House members voted 77-15 against issuing bonds to repair the crumbling Capitol, where barricades have been erected to block visitors from accessing the Capitol’s south steps because chunks of limestone and mortar have fallen from the crumbling facade.
Repairs are also needed at the nearby Jim Thorpe office building, where officials say the air conditioning system no longer works and its boilers are about to collapse.
Opponents of the projects argued it was fiscally irresponsible to approve $200 million in bonds to repair the Capitol, built between 1914 and 1917, while lawmakers consider an income tax cut.
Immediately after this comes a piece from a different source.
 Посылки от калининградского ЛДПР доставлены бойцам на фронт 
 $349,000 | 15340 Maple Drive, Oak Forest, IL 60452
“The new definition of fiscally conservative — decrease services and increase taxes,” said House Democratic Leader Rep. Scott Inman, D-Del City. “Now we’re being told to truly be fiscally conservative, we have to go $200 million deeper into debt.
“Why should we ask our children 30 years from now to pay for a poor decision we’ll make today?”
Rep. Cory Williams, D-Stillwater, said the project was fiscally irresponsible.
“I want to fix the people’s building … but would you rather we pay cash or would you rather indebt your grandchildren?” Williams said. “We’ve got the cash. Don’t use my kids’ credit card.”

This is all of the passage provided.